Available data:
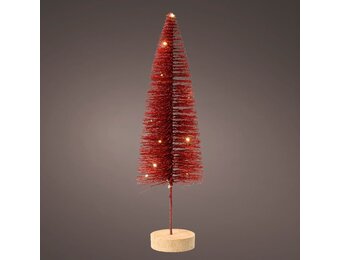 Mini kerstboom decoratief | rood | LED/warm wit | 40cm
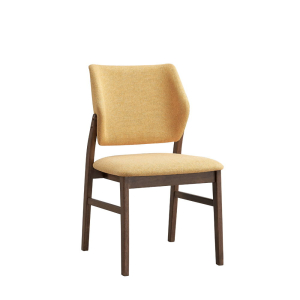 Sarha - Side Chair (Set of 2) - Yellow Fabric & Walnut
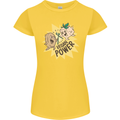 Vegan Power Funny Womens Petite Cut T-Shirt Yellow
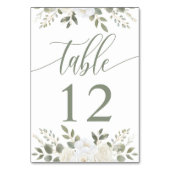 Numéro De Table Iivoire Et Sage Élégant Mariage Floral (Dos)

About this exercise: Transcribe all of the material exactly, leaving out whatever pictures it contains.

Exercise answer:
 Mini kerstboom decoratief | rood | LED/warm wit | 40cm
 Sarha - Side Chair (Set of 2) - Yellow Fabric & Walnut
 Vegan Power Funny Womens Petite Cut T-Shirt Yellow
 Numéro De Table Iivoire Et Sage Élégant Mariage Floral (Dos)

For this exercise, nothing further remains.